> **What you will do**
Every line below needs to be reproduced exactly.

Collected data
+---+

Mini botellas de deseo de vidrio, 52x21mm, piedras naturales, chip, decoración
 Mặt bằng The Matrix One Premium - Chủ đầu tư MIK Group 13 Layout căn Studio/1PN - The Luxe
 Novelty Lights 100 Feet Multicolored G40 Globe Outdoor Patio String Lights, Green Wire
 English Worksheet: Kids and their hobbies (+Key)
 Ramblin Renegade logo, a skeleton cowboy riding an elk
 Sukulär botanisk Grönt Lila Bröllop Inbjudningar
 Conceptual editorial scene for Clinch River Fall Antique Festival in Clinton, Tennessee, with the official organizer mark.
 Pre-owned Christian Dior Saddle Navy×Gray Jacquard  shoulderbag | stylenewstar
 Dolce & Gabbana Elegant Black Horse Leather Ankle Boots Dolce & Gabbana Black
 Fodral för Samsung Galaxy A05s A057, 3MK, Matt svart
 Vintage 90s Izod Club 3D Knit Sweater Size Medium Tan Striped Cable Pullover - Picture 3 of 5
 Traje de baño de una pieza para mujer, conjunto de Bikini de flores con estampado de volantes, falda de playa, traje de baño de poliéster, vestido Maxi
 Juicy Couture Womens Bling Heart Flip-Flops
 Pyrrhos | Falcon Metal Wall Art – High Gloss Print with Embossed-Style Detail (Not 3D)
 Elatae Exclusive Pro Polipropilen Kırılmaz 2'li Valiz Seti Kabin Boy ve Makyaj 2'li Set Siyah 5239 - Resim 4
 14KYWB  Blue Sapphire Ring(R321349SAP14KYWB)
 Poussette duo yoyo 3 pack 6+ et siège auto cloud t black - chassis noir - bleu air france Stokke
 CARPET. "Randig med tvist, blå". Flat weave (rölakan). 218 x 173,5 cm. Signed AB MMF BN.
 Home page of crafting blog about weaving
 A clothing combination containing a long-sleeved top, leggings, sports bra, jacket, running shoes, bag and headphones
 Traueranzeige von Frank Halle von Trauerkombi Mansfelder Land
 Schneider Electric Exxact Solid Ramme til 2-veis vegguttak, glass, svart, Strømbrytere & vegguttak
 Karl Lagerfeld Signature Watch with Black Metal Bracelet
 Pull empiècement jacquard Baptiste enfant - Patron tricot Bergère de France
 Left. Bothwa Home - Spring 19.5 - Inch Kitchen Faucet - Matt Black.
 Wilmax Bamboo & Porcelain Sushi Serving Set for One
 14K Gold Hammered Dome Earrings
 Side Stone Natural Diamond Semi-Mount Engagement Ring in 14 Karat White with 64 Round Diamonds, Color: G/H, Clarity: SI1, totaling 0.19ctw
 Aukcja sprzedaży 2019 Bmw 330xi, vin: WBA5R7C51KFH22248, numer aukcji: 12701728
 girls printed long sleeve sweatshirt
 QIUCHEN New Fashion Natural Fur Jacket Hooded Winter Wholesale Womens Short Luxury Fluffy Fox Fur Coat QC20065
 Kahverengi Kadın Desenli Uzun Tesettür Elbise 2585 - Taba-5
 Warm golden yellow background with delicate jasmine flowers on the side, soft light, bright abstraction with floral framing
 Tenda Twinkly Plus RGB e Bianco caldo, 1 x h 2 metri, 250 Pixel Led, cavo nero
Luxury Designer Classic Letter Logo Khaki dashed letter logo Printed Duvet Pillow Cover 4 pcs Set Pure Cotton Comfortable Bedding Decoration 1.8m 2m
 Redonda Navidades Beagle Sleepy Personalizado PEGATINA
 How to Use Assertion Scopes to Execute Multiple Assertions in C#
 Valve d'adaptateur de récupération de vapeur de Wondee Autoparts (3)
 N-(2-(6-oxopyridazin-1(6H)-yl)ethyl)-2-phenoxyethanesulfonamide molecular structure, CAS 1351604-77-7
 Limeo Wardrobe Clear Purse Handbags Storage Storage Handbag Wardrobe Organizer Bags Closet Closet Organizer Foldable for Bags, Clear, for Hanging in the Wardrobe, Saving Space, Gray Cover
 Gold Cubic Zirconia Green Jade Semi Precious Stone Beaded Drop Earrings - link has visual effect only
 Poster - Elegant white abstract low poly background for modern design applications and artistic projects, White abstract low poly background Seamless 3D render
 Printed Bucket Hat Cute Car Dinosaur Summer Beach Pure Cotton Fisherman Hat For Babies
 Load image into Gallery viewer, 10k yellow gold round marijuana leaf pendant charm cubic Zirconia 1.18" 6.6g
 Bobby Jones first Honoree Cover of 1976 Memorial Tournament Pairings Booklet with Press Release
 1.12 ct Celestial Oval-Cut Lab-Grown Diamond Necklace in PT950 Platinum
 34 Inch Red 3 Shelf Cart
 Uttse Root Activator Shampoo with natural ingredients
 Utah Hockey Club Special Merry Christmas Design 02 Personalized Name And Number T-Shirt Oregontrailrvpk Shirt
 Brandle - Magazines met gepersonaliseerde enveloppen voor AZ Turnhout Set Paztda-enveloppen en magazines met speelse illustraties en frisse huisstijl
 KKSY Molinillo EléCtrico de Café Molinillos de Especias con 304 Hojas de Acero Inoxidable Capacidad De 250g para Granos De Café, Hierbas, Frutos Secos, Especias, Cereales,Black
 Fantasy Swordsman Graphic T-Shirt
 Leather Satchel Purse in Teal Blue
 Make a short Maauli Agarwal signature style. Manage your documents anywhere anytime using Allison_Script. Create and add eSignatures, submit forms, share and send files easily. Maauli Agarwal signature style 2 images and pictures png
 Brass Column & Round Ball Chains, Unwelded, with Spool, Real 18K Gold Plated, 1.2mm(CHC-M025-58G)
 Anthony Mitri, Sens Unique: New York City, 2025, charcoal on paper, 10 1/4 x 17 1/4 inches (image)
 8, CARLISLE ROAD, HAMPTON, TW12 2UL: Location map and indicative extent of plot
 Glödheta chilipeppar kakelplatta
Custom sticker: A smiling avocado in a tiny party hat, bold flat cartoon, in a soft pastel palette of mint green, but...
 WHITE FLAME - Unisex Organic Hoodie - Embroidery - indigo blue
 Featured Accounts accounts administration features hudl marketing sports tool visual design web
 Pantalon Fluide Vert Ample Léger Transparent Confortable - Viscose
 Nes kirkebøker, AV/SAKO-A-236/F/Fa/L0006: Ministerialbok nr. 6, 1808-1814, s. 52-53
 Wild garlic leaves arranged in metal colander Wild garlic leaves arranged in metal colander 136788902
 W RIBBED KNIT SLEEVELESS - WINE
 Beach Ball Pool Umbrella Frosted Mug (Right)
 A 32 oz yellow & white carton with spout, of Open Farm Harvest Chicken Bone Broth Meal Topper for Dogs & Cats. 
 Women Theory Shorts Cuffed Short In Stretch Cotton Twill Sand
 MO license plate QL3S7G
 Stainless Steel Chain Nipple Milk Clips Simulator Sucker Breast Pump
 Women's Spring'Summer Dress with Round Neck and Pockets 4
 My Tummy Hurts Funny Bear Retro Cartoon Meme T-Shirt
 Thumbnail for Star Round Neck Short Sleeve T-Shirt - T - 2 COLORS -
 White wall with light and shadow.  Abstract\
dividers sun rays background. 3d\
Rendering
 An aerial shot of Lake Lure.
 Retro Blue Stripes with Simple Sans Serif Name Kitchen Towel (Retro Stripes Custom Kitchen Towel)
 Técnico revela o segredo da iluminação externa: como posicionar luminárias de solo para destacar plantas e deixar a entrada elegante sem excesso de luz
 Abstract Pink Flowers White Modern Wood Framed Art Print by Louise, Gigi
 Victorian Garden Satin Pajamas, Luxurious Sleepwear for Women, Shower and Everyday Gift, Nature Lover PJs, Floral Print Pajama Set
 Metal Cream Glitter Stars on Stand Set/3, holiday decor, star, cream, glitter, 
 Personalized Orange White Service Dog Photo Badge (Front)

+---+

> **Answer to this task**
Mini botellas de deseo de vidrio, 52x21mm, piedras naturales, chip, decoración
 Mặt bằng The Matrix One Premium - Chủ đầu tư MIK Group 13 Layout căn Studio/1PN - The Luxe
 Novelty Lights 100 Feet Multicolored G40 Globe Outdoor Patio String Lights, Green Wire
 English Worksheet: Kids and their hobbies (+Key)
 Ramblin Renegade logo, a skeleton cowboy riding an elk
 Sukulär botanisk Grönt Lila Bröllop Inbjudningar
 Conceptual editorial scene for Clinch River Fall Antique Festival in Clinton, Tennessee, with the official organizer mark.
 Pre-owned Christian Dior Saddle Navy×Gray Jacquard  shoulderbag | stylenewstar
 Dolce & Gabbana Elegant Black Horse Leather Ankle Boots Dolce & Gabbana Black
 Fodral för Samsung Galaxy A05s A057, 3MK, Matt svart
 Vintage 90s Izod Club 3D Knit Sweater Size Medium Tan Striped Cable Pullover - Picture 3 of 5
 Traje de baño de una pieza para mujer, conjunto de Bikini de flores con estampado de volantes, falda de playa, traje de baño de poliéster, vestido Maxi
 Juicy Couture Womens Bling Heart Flip-Flops
 Pyrrhos | Falcon Metal Wall Art – High Gloss Print with Embossed-Style Detail (Not 3D)
 Elatae Exclusive Pro Polipropilen Kırılmaz 2'li Valiz Seti Kabin Boy ve Makyaj 2'li Set Siyah 5239 - Resim 4
 14KYWB  Blue Sapphire Ring(R321349SAP14KYWB)
 Poussette duo yoyo 3 pack 6+ et siège auto cloud t black - chassis noir - bleu air france Stokke
 CARPET. "Randig med tvist, blå". Flat weave (rölakan). 218 x 173,5 cm. Signed AB MMF BN.
 Home page of crafting blog about weaving
 A clothing combination containing a long-sleeved top, leggings, sports bra, jacket, running shoes, bag and headphones
 Traueranzeige von Frank Halle von Trauerkombi Mansfelder Land
 Schneider Electric Exxact Solid Ramme til 2-veis vegguttak, glass, svart, Strømbrytere & vegguttak
 Karl Lagerfeld Signature Watch with Black Metal Bracelet
 Pull empiècement jacquard Baptiste enfant - Patron tricot Bergère de France
 Left. Bothwa Home - Spring 19.5 - Inch Kitchen Faucet - Matt Black.
 Wilmax Bamboo & Porcelain Sushi Serving Set for One
 14K Gold Hammered Dome Earrings
 Side Stone Natural Diamond Semi-Mount Engagement Ring in 14 Karat White with 64 Round Diamonds, Color: G/H, Clarity: SI1, totaling 0.19ctw
 Aukcja sprzedaży 2019 Bmw 330xi, vin: WBA5R7C51KFH22248, numer aukcji: 12701728
 girls printed long sleeve sweatshirt
 QIUCHEN New Fashion Natural Fur Jacket Hooded Winter Wholesale Womens Short Luxury Fluffy Fox Fur Coat QC20065
 Kahverengi Kadın Desenli Uzun Tesettür Elbise 2585 - Taba-5
 Warm golden yellow background with delicate jasmine flowers on the side, soft light, bright abstraction with floral framing
 Tenda Twinkly Plus RGB e Bianco caldo, 1 x h 2 metri, 250 Pixel Led, cavo nero
Luxury Designer Classic Letter Logo Khaki dashed letter logo Printed Duvet Pillow Cover 4 pcs Set Pure Cotton Comfortable Bedding Decoration 1.8m 2m
 Redonda Navidades Beagle Sleepy Personalizado PEGATINA
 How to Use Assertion Scopes to Execute Multiple Assertions in C#
 Valve d'adaptateur de récupération de vapeur de Wondee Autoparts (3)
 N-(2-(6-oxopyridazin-1(6H)-yl)ethyl)-2-phenoxyethanesulfonamide molecular structure, CAS 1351604-77-7
 Limeo Wardrobe Clear Purse Handbags Storage Storage Handbag Wardrobe Organizer Bags Closet Closet Organizer Foldable for Bags, Clear, for Hanging in the Wardrobe, Saving Space, Gray Cover
 Gold Cubic Zirconia Green Jade Semi Precious Stone Beaded Drop Earrings - link has visual effect only
 Poster - Elegant white abstract low poly background for modern design applications and artistic projects, White abstract low poly background Seamless 3D render
 Printed Bucket Hat Cute Car Dinosaur Summer Beach Pure Cotton Fisherman Hat For Babies
 Load image into Gallery viewer, 10k yellow gold round marijuana leaf pendant charm cubic Zirconia 1.18" 6.6g
 Bobby Jones first Honoree Cover of 1976 Memorial Tournament Pairings Booklet with Press Release
 1.12 ct Celestial Oval-Cut Lab-Grown Diamond Necklace in PT950 Platinum
 34 Inch Red 3 Shelf Cart
 Uttse Root Activator Shampoo with natural ingredients
 Utah Hockey Club Special Merry Christmas Design 02 Personalized Name And Number T-Shirt Oregontrailrvpk Shirt
 Brandle - Magazines met gepersonaliseerde enveloppen voor AZ Turnhout Set Paztda-enveloppen en magazines met speelse illustraties en frisse huisstijl
 KKSY Molinillo EléCtrico de Café Molinillos de Especias con 304 Hojas de Acero Inoxidable Capacidad De 250g para Granos De Café, Hierbas, Frutos Secos, Especias, Cereales,Black
 Fantasy Swordsman Graphic T-Shirt
 Leather Satchel Purse in Teal Blue
 Make a short Maauli Agarwal signature style. Manage your documents anywhere anytime using Allison_Script. Create and add eSignatures, submit forms, share and send files easily. Maauli Agarwal signature style 2 images and pictures png
 Brass Column & Round Ball Chains, Unwelded, with Spool, Real 18K Gold Plated, 1.2mm(CHC-M025-58G)
 Anthony Mitri, Sens Unique: New York City, 2025, charcoal on paper, 10 1/4 x 17 1/4 inches (image)
 8, CARLISLE ROAD, HAMPTON, TW12 2UL: Location map and indicative extent of plot
 Glödheta chilipeppar kakelplatta
Custom sticker: A smiling avocado in a tiny party hat, bold flat cartoon, in a soft pastel palette of mint green, but...
 WHITE FLAME - Unisex Organic Hoodie - Embroidery - indigo blue
 Featured Accounts accounts administration features hudl marketing sports tool visual design web
 Pantalon Fluide Vert Ample Léger Transparent Confortable - Viscose
 Nes kirkebøker, AV/SAKO-A-236/F/Fa/L0006: Ministerialbok nr. 6, 1808-1814, s. 52-53
 Wild garlic leaves arranged in metal colander Wild garlic leaves arranged in metal colander 136788902
 W RIBBED KNIT SLEEVELESS - WINE
 Beach Ball Pool Umbrella Frosted Mug (Right)
 A 32 oz yellow & white carton with spout, of Open Farm Harvest Chicken Bone Broth Meal Topper for Dogs & Cats. 
 Women Theory Shorts Cuffed Short In Stretch Cotton Twill Sand
 MO license plate QL3S7G
 Stainless Steel Chain Nipple Milk Clips Simulator Sucker Breast Pump
 Women's Spring'Summer Dress with Round Neck and Pockets 4
 My Tummy Hurts Funny Bear Retro Cartoon Meme T-Shirt
 Thumbnail for Star Round Neck Short Sleeve T-Shirt - T - 2 COLORS -
 White wall with light and shadow.  Abstract\
dividers sun rays background. 3d\
Rendering
 An aerial shot of Lake Lure.
 Retro Blue Stripes with Simple Sans Serif Name Kitchen Towel (Retro Stripes Custom Kitchen Towel)
 Técnico revela o segredo da iluminação externa: como posicionar luminárias de solo para destacar plantas e deixar a entrada elegante sem excesso de luz
 Abstract Pink Flowers White Modern Wood Framed Art Print by Louise, Gigi
 Victorian Garden Satin Pajamas, Luxurious Sleepwear for Women, Shower and Everyday Gift, Nature Lover PJs, Floral Print Pajama Set
 Metal Cream Glitter Stars on Stand Set/3, holiday decor, star, cream, glitter, 
 Personalized Orange White Service Dog Photo Badge (Front)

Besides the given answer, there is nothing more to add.